• **PROBLEM TO WORK ON**: Transcribe exactly each line of the entries, from the opening line to the line with "BanG Dream! - Square", with both of those lines included.

***** DATA IN THIS EXERCISE *****

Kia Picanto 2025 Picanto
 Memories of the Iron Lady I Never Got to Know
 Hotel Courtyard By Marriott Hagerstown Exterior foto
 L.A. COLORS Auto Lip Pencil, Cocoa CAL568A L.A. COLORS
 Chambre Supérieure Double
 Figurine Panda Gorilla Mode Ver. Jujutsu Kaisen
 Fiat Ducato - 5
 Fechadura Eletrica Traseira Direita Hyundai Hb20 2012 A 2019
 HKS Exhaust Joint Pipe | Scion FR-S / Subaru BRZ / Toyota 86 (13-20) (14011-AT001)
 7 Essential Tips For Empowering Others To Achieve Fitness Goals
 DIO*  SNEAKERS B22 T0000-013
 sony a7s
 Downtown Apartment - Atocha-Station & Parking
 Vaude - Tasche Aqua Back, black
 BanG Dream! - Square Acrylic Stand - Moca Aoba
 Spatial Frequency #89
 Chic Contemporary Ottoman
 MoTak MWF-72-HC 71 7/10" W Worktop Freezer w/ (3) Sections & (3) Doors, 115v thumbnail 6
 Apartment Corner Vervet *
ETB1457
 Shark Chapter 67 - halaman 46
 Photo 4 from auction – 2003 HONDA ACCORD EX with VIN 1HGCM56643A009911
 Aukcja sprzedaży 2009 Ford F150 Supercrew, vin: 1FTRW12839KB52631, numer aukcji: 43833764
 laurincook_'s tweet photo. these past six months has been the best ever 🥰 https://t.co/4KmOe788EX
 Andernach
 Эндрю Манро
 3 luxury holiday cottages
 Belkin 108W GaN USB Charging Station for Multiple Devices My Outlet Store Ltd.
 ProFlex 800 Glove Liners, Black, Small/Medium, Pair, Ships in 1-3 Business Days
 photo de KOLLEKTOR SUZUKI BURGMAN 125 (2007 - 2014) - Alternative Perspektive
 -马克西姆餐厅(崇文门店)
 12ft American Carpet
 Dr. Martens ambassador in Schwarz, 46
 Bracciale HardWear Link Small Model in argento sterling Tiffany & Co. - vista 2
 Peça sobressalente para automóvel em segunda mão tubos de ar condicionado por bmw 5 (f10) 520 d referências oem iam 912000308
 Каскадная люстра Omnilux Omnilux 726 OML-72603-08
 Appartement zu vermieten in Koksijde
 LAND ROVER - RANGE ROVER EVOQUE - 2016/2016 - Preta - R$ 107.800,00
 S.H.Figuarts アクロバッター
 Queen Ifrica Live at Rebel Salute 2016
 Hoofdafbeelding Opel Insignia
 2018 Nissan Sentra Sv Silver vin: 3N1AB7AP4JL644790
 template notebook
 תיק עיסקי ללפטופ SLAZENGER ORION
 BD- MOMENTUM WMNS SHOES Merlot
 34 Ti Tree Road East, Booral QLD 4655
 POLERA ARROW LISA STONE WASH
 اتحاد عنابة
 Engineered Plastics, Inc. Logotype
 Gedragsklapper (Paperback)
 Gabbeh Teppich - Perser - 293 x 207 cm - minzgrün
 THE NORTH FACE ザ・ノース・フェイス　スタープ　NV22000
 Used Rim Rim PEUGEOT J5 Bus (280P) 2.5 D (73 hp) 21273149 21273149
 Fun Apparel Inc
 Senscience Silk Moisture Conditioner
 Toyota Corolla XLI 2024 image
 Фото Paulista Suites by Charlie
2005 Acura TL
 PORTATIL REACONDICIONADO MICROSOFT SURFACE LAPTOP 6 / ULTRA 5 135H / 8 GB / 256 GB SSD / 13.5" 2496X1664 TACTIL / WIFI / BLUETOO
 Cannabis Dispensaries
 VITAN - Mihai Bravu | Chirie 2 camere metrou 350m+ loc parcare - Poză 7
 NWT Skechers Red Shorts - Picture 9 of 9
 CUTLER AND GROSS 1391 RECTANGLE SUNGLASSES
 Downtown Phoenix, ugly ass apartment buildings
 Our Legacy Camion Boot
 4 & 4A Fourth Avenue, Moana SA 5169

*****

• **ANSWER TO THIS PROBLEM**:
Kia Picanto 2025 Picanto
 Memories of the Iron Lady I Never Got to Know
 Hotel Courtyard By Marriott Hagerstown Exterior foto
 L.A. COLORS Auto Lip Pencil, Cocoa CAL568A L.A. COLORS
 Chambre Supérieure Double
 Figurine Panda Gorilla Mode Ver. Jujutsu Kaisen
 Fiat Ducato - 5
 Fechadura Eletrica Traseira Direita Hyundai Hb20 2012 A 2019
 HKS Exhaust Joint Pipe | Scion FR-S / Subaru BRZ / Toyota 86 (13-20) (14011-AT001)
 7 Essential Tips For Empowering Others To Achieve Fitness Goals
 DIO*  SNEAKERS B22 T0000-013
 sony a7s
 Downtown Apartment - Atocha-Station & Parking
 Vaude - Tasche Aqua Back, black
 BanG Dream! - Square Acrylic Stand - Moca Aoba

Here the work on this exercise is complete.